Aim of the task: What you should end up with is an exact copy of the lines from the one holding "ADIDAS Essentials 3" through the last line of the entries below, both included, and nothing else; leave every picture out.

The data:
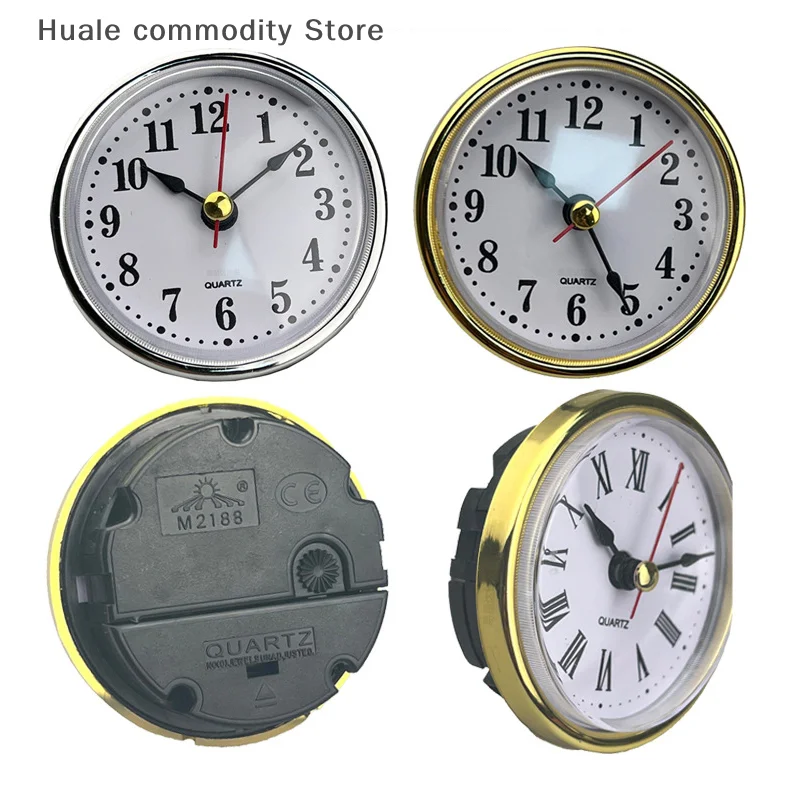Classic Retro Clock DIY Craft Quartz Movement Dia.65mm Round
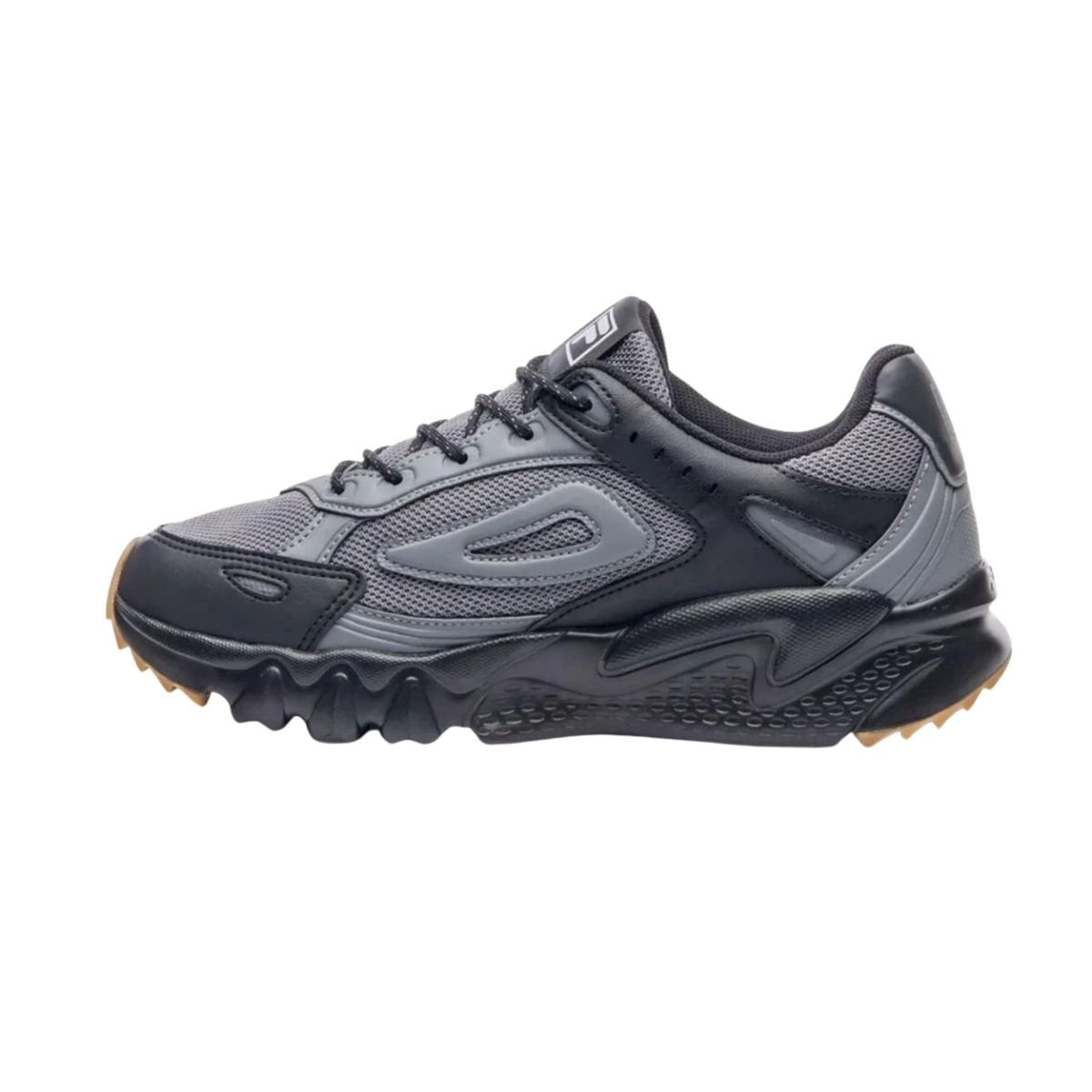 Tênis Casual Masculino Fila Venture Tracer 2 Preto Cinza/Preto 5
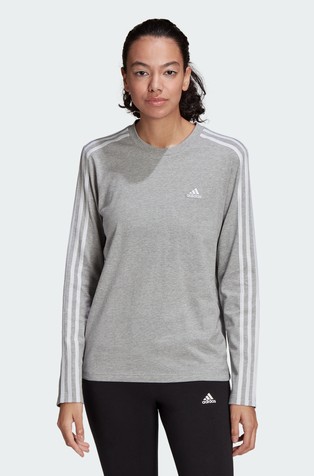 ADIDAS Essentials 3 Stripes Long Sleeve Tee Emporium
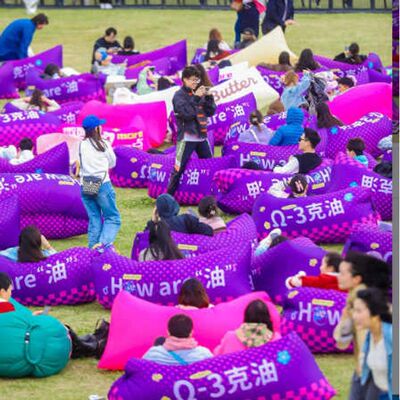 春季春游可折叠空气沙发床懒人沙发户外沙发充气沙发便携式睡袋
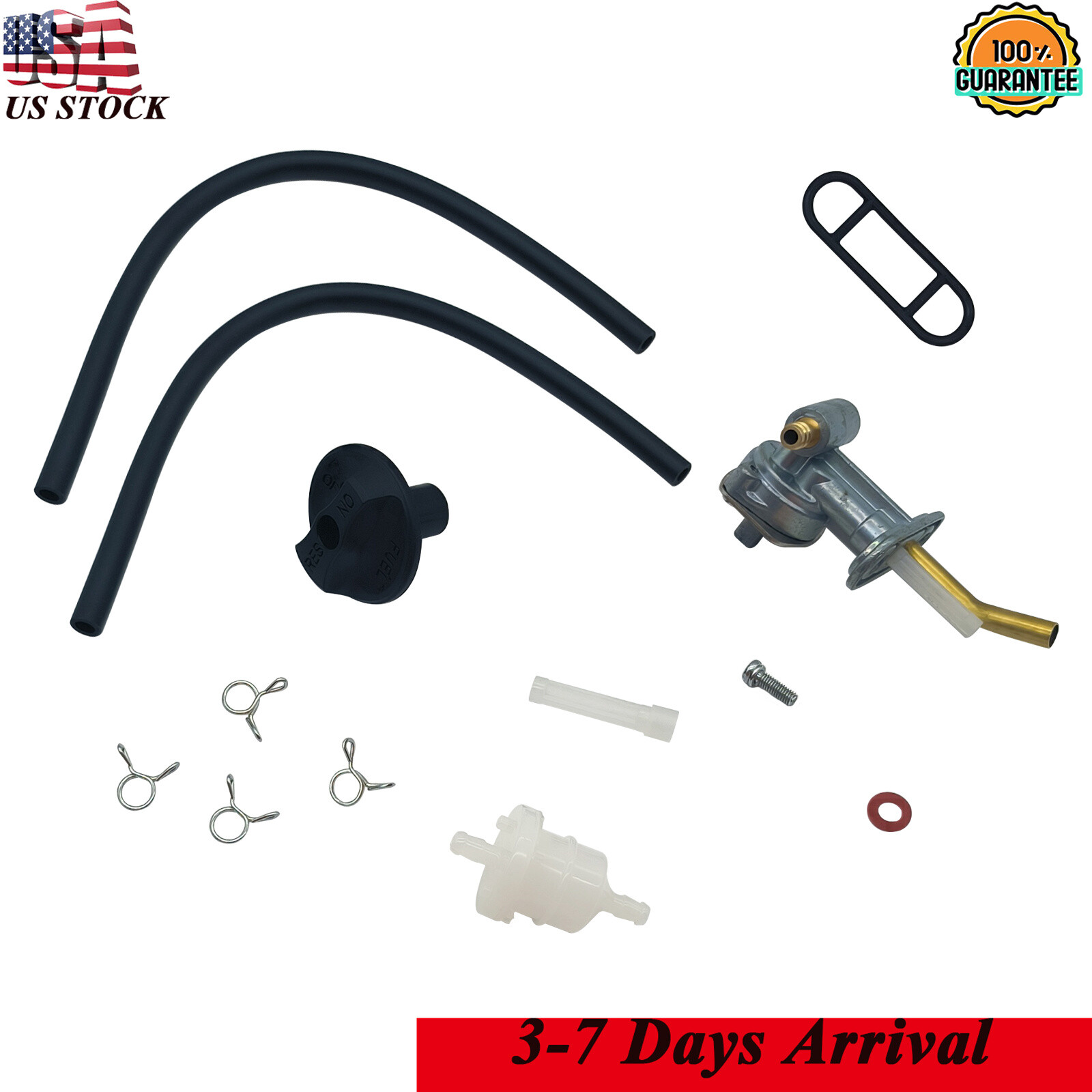 Fuel Valve Shut Off Petcock For Arctic Cat ATV 9806 250 300 400 500 0470445 619660466189 eBay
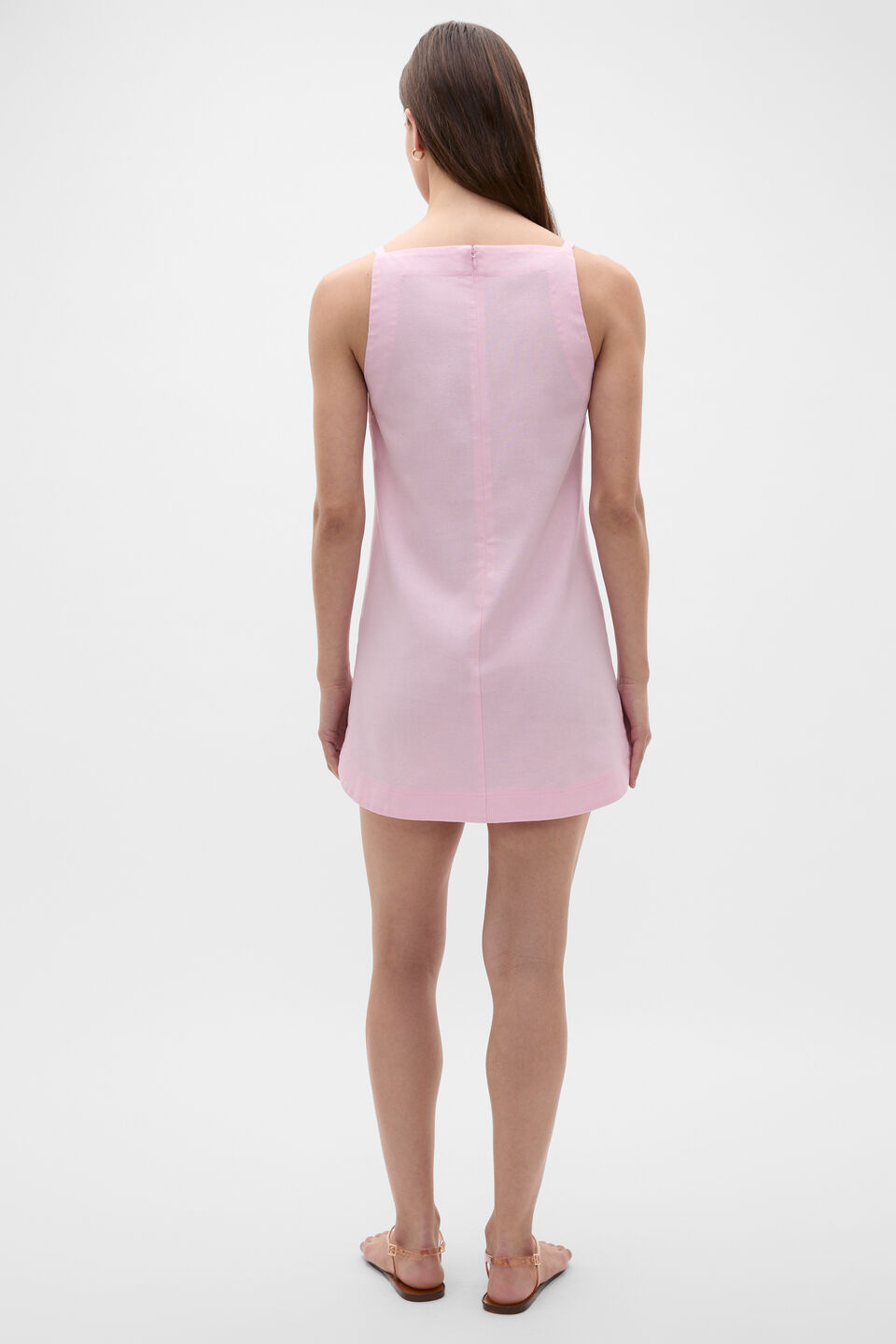 Knot Detail Mini Dress  Petal Pink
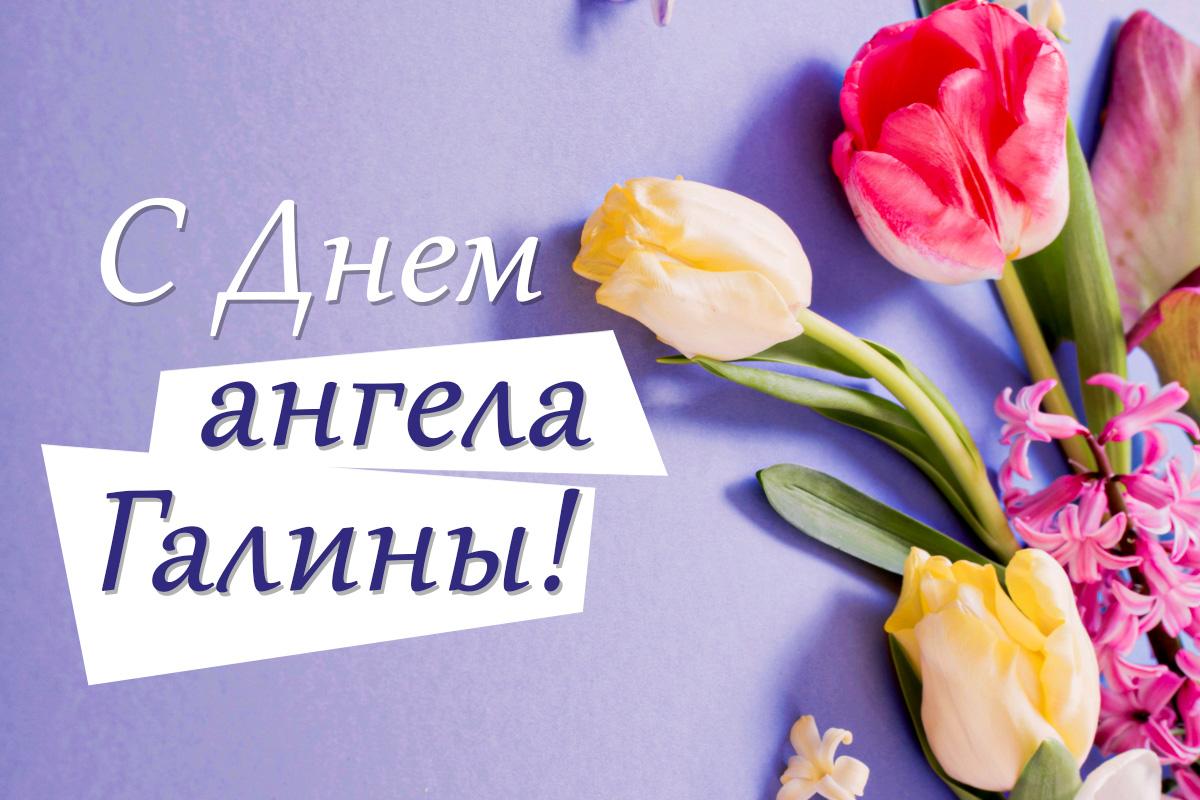 с днем ангела Галины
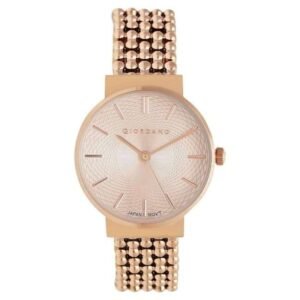 giordano rosegold women metal watch gd-2098-33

Expected answer:
 ADIDAS Essentials 3 Stripes Long Sleeve Tee Emporium
 春季春游可折叠空气沙发床懒人沙发户外沙发充气沙发便携式睡袋
 Fuel Valve Shut Off Petcock For Arctic Cat ATV 9806 250 300 400 500 0470445 619660466189 eBay
 Knot Detail Mini Dress  Petal Pink
 с днем ангела Галины
 giordano rosegold women metal watch gd-2098-33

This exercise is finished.